Un vano intento de objetivación del fenómeno

      En todo acto de belleza (o como se quiera denominar) hay un sujeto y un objeto. El sujeto puede ser activo (creativo) o pasivo (contemplativo). El objeto es, para el sujeto activo, un “producto” cargado de significantes (caos, orden, color, propoporción, forma, etc.) que encierran una definición exacta del mismo “producto” y del sujeto activo (y no el uno sin el otro). Para Paul Ricoeur “el placer auténtico constituye la intuición más audaz de toda la estética psicoanalítica”. Yo diría más: con los sueños, es la mejor expresión psicoanalítica. Por otra parte, para el sujeto contemplativo la obra o producto deviene arte porque lo carga de significaciones; las cuales a menudo en nada coinciden con los significantes primigeneos. Tanto en el producto, como en la “obra de arte” (cuando así se la considera) entra en juego la teoría de las sublimaciones que algunos de modo simplista denostan. Existe una pulsión generada por una corriente subliminal inducida (adquirida, provocada) que condiciona al sujeto activo a crear ciertos “productos” y al sujeto contemplativo para interpretarlo de una determinada forma, convirtiéndola en su caso en “obra de arte”. Debe entenderse por “pulsión” todo aquello que nos mueve a actuar en una dirección, y por “corriente subliminal inducida” la impregnación sociocultural a la que está sometido cualquier miembro de una sociedad.

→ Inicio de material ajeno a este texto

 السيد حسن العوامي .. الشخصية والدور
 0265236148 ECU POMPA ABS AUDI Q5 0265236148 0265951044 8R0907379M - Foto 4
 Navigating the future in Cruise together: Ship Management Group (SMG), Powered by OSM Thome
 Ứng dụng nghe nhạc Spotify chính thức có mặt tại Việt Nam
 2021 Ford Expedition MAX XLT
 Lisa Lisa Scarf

      A un nivel todavía más –si cabe– fisiológico, toda forma de evaluar es un condicionamiento adquirido por educación, por imposición visual (la moda –por ejemplo– acaba triunfando, así sea de dudoso gusto), por imitación o rotura con la naturaleza, etc. Tal condicionamiento activa una infraestructura neurológica, la cual desata una respuesta fisiológica (procesos bioquímicos y bioeléctricos), que son quienes producen una sensación de placer o displacer ante una observación significativa. El escalofrío ante una obra (socioculturalmente inducido), no radica –claro– en la obra, sino condicionado en nuestras estructuras mentales. Un lagarto y un picasso, por igual, son fuentes potenciales de sensibilidad, pero unas condiciones educativas, geográficas, climáticas, socioculturales, adquiridas, al fin; harán que se valore así o asá, según el toque definitivo de personales sublimaciones. Se nos condiciona a lo largo de nuestra vida para, en el estricto sentido fisiológico, sentir o no deleite. Es pues lo adquirido (susceptible de modificar mínimamente nuestras dotes biológicas, tanto desde el punto de vista ontogenético como filogenético) quien desata las diferentes respuestas fisiológicas.